6 min readMar 25, 2026 08:09 AM IST
First published on: Mar 25, 2026 at 06:13 AM IST

The five-day pause on attacking Iran’s electricity plants announced Monday by US President Donald Trump has been widely welcomed. But a permanent settlement — “the complete and total resolution” in Trump’s words — will remain elusive. It is hard to square the circle of power asymmetry between Iran and its Arab neighbours that lies at the root of Gulf insecurity. Iran is simply too large, and its Arab neighbours too small, for the region to find a stable equilibrium on its own. The Gulf Arabs have therefore long looked to external powers to balance Iran. That reliance — principally on the United States — has made Gulf security hostage to political mood swings in Washington.

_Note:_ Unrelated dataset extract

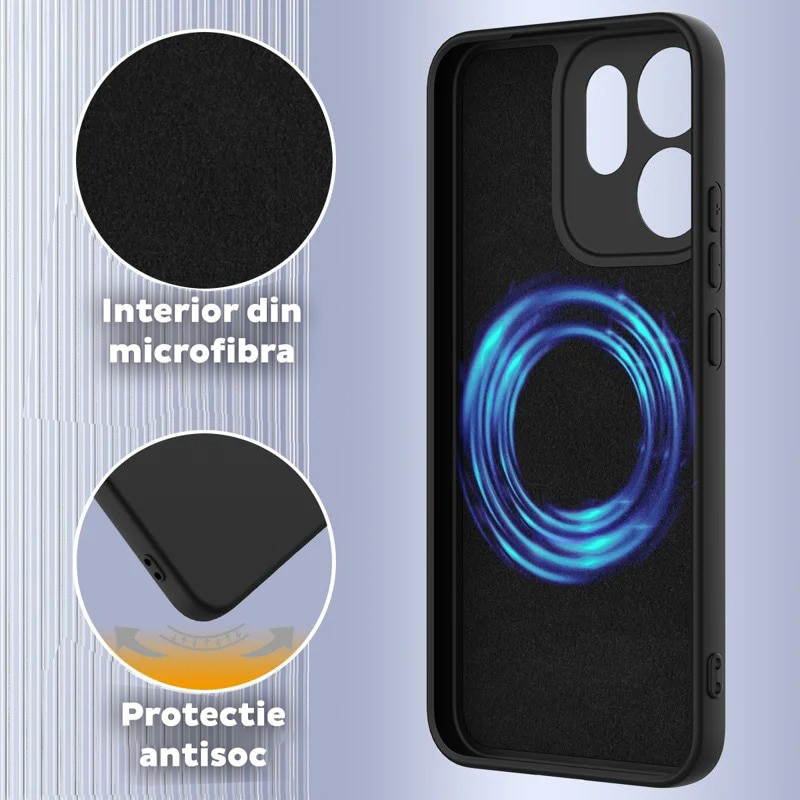 Husa pentru Honor 600 Smart Daden® Silicon SoftFlex, Ultra Slim, Protectie sporita, Interior de microfibra, Negru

The numbers tell the story. Iran’s 90 million people dwarf the 27 million citizens of the GCC states. Persia is a unified state; the Arab Gulf is divided among several kingdoms. Iran’s ambition to dominate the Gulf has endured regardless of whether Tehran was governed by a monarchy or a theocracy. For nearly 150 years, that ambition was constrained by Great Britain, the world’s pre-eminent power from the early 19th to the mid-20th century, operating from the Indian Subcontinent. The Raj protected the weaker Gulf states while maintaining a working relationship with Tehran. The decline of Britain, its withdrawal from the east of Suez, the independence granted to Gulf kingdoms in 1971, and the Islamic Revolution of 1979 together marked the demise of the old regional order.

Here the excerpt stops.